Friday, October 07, 2005

Reminisce

I LOVE to reminisce, and because of that, it is my biggest downfall; or gift. Not really sure. I've been listening to some music tonight, and drinking a couple of drinks to go along with it and have been thinking. I really do miss somebody. I won't name names cause that is not right, but it starts with an E. I know we had hard times, but there was also good times. I know the bad as much as the good and lately I've been reminiscing so much of a place called; well what can we say without giving it away. It starts with a V and is north of us. I just keep thinking about our time there and can't get it out of my head. I so much want to go there again. Its crazy. I want to go there so bad. UGH...

Everyday I think of something that reminds me of her and it starting to make me crazy. If not for a second or a fleeting moment, it is still there. So many memories and so many times an so many moments that its driving me crazy. I do hope she is happy though; she deserves that the most. She deserves the best, and I really hope she will find that. =( Can't help but be a little sad there, but she does deserve the best.

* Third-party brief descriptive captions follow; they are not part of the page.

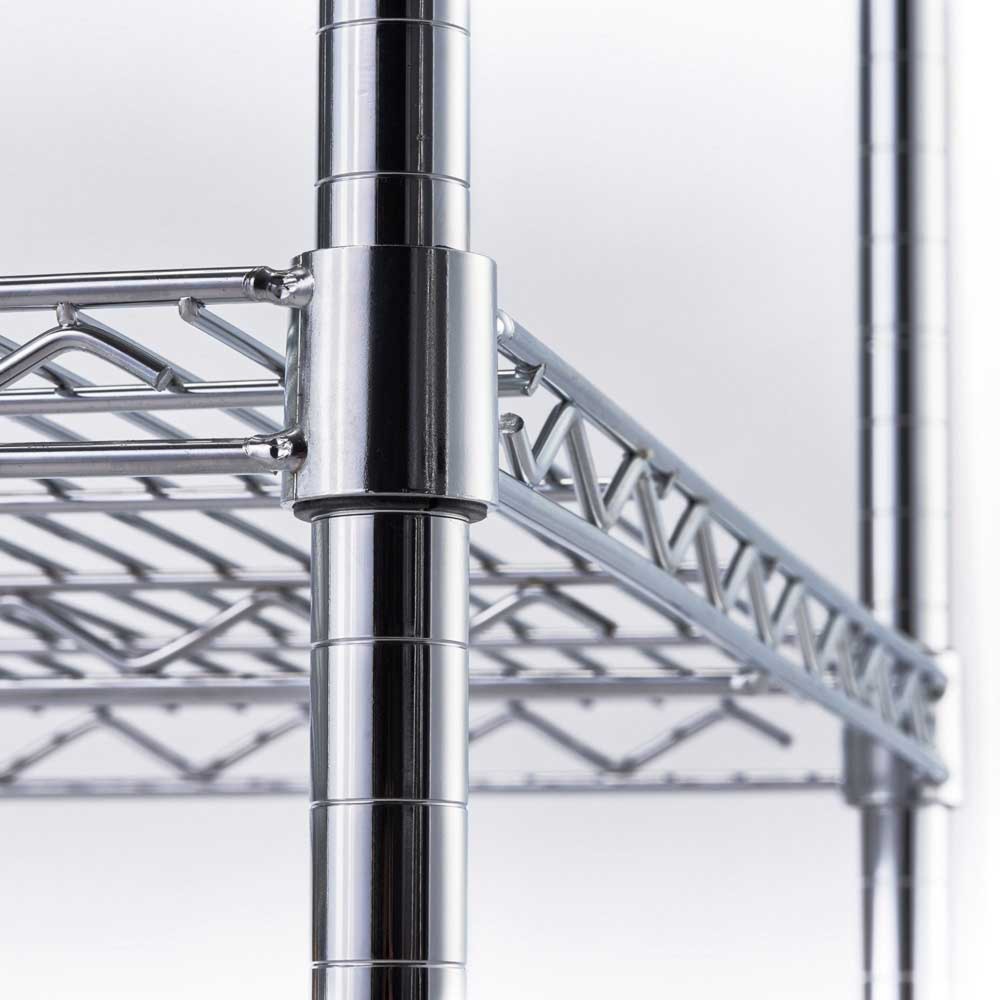 N° de l'image du produit 2 : Rayonnage de stockage Stalgast avec étagères grillagées 1200x450x1800 mm (LxPxH)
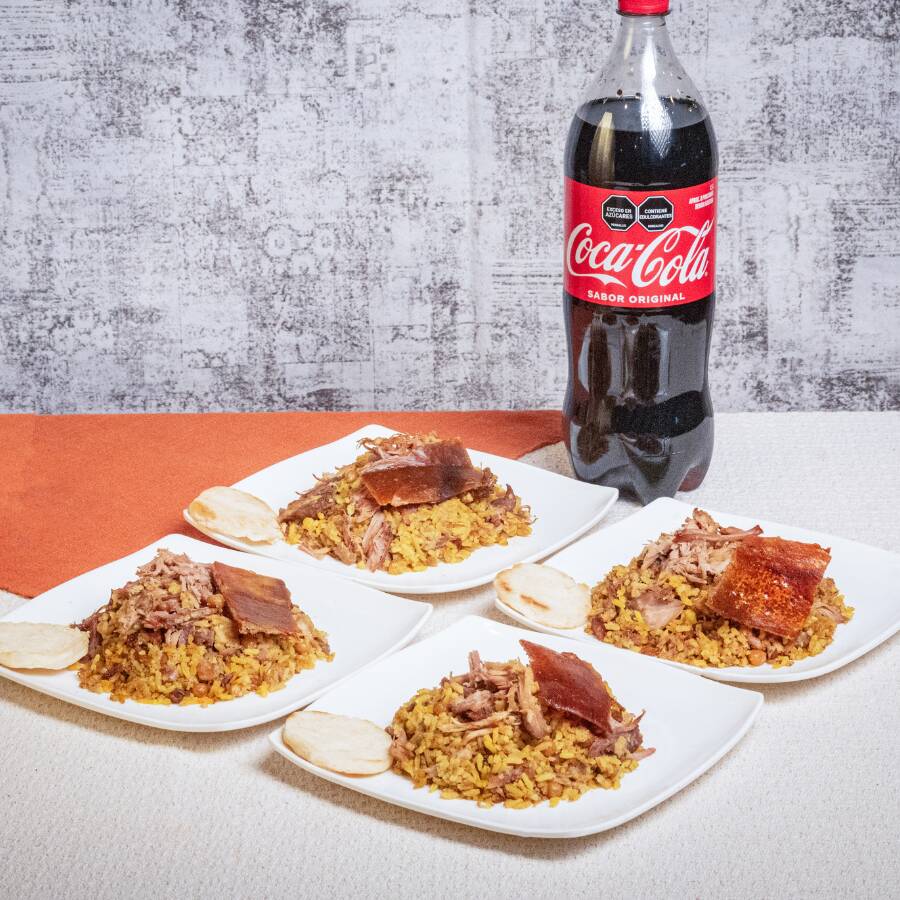 Combo 4 Lechonas Personales + 1 Gaseosa 1.5l
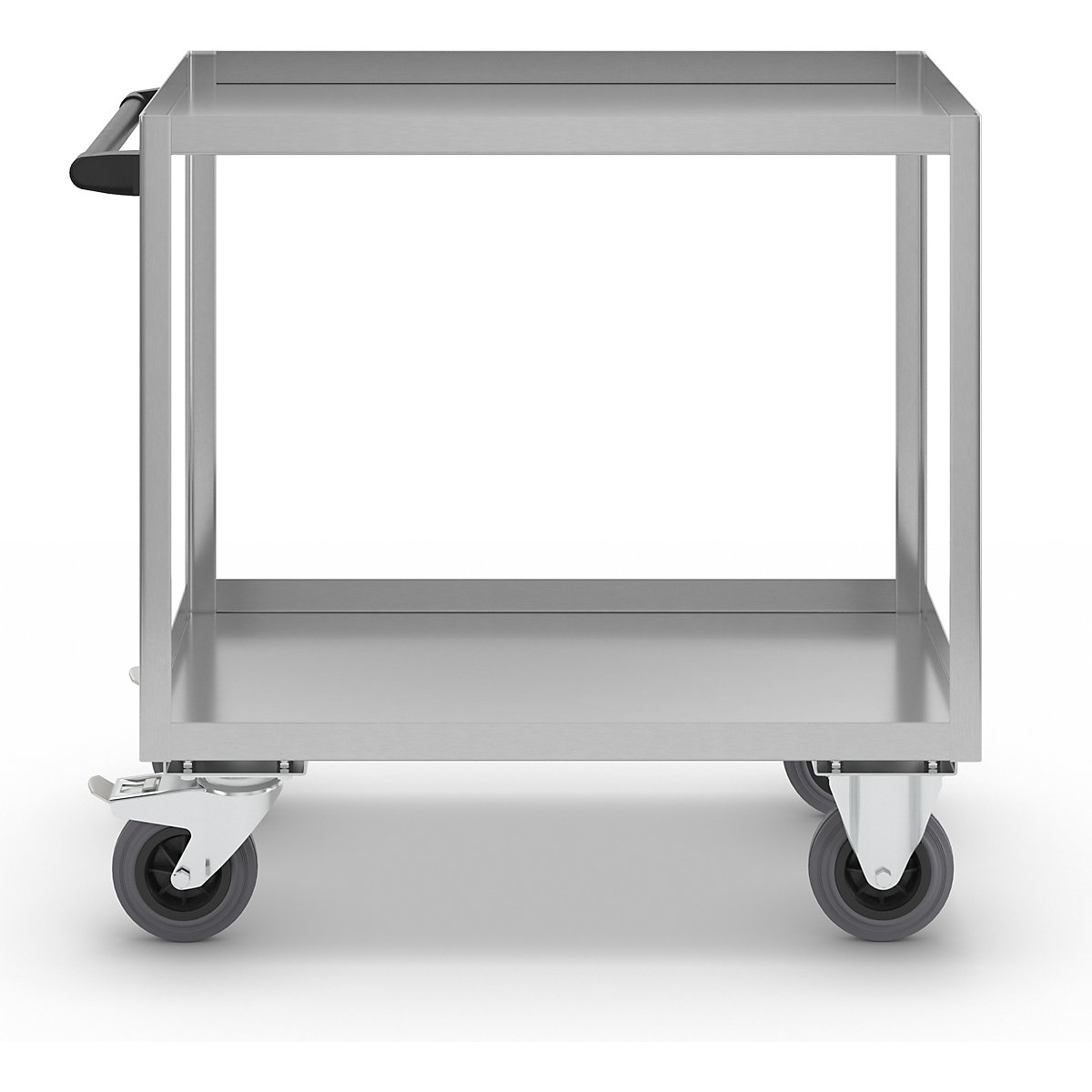 Stainless steel platform trolley – eurokraft pro (Product illustration 8)-7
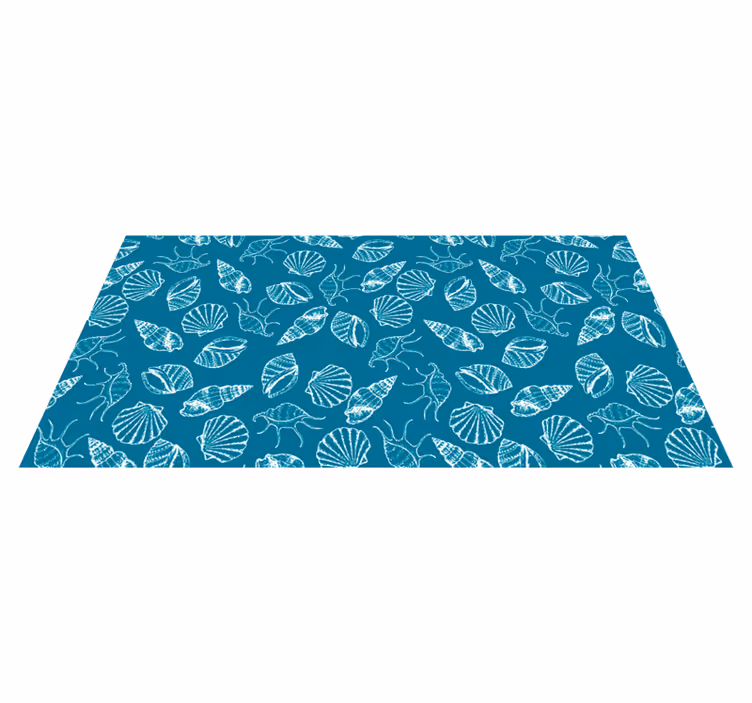 Vinyl tapijt natuur schelpstijl - TenStickers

Oh maybe its the booze and all but I just feel so sentimental tonight. UGGGGGHHHH. Cest la vie. This post along with so many will go through a digital abyss of useless information. Someone someday will read this or maybe not. Though its ironic and I've said it before, the only person I want to read this even though I blast this to the world, will probably never see it. LOL I"m and idiot. LOL or maybe a little buzzed. But its all true. It is. Miss ya.